Show every line in the entries below where the word "things" appears.

* **Supplied entries**:
┄┄┄┄┄┄┄┄┄┄
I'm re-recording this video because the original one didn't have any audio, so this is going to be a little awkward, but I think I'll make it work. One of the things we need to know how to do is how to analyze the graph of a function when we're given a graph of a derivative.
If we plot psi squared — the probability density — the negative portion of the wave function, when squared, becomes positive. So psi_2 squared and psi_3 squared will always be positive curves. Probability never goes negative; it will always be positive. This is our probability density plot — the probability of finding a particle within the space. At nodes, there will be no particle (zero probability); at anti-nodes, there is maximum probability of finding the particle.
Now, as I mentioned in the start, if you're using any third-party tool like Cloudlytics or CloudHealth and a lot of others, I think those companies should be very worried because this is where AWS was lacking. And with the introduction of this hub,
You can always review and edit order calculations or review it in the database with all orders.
┄┄┄┄┄┄┄┄┄┄
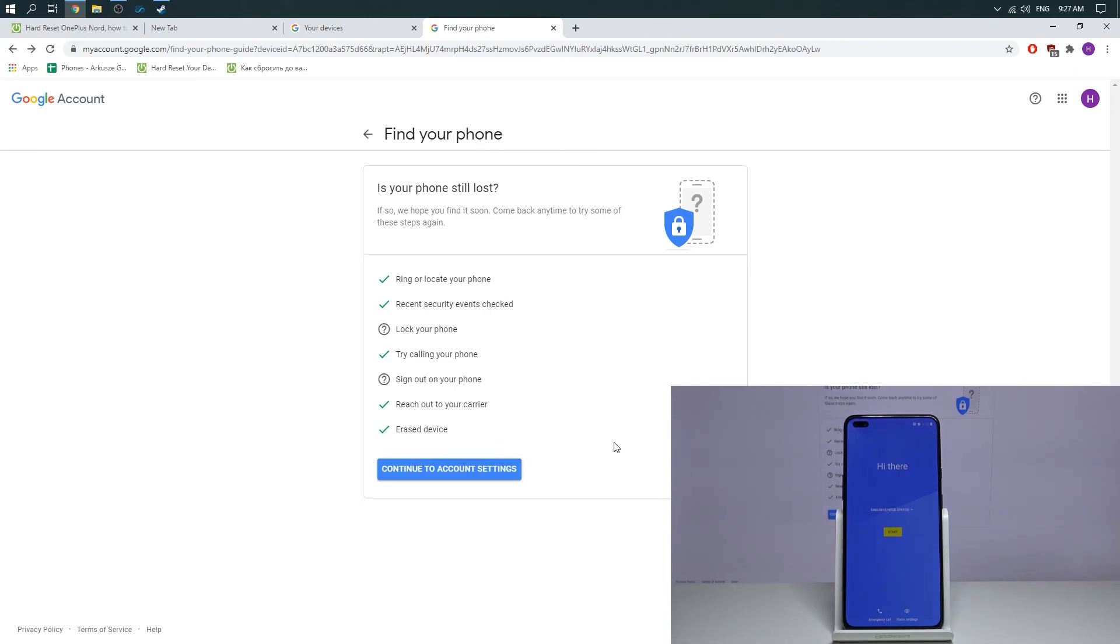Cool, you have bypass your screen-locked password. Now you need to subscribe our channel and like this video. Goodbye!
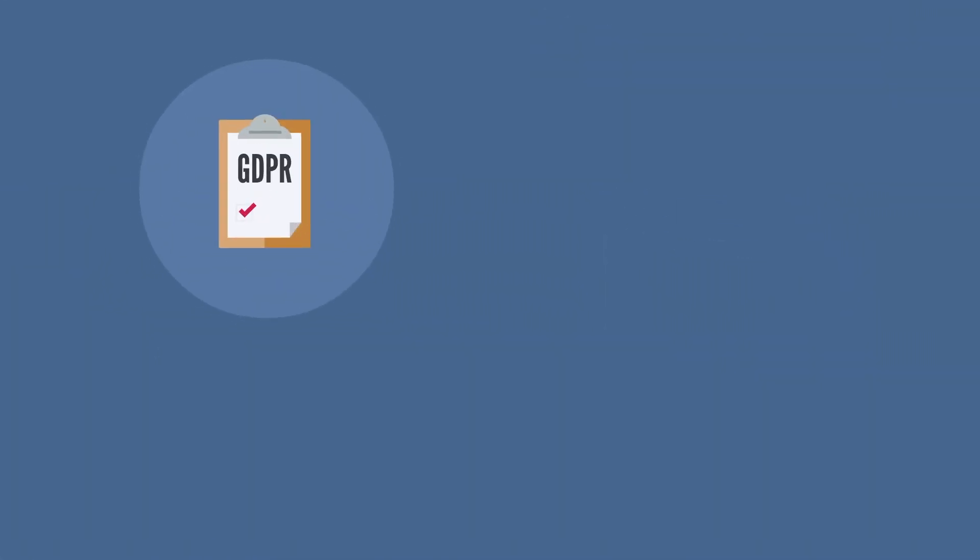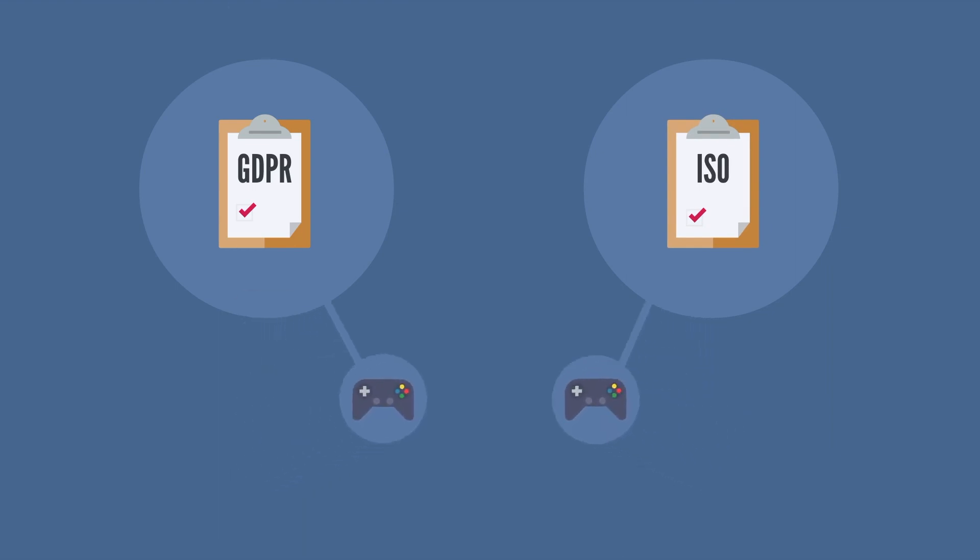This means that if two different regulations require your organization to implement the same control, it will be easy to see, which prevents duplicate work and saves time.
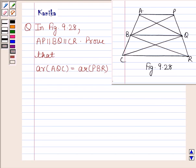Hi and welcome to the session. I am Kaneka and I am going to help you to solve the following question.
┄┄┄┄┄┄┄┄┄┄
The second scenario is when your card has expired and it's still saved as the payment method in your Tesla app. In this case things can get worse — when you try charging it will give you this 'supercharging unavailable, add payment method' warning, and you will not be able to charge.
┄┄┄┄┄┄┄┄┄┄
* **Expected output**:
I'm re-recording this video because the original one didn't have any audio, so this is going to be a little awkward, but I think I'll make it work. One of the things we need to know how to do is how to analyze the graph of a function when we're given a graph of a derivative.
The second scenario is when your card has expired and it's still saved as the payment method in your Tesla app. In this case things can get worse — when you try charging it will give you this 'supercharging unavailable, add payment method' warning, and you will not be able to charge.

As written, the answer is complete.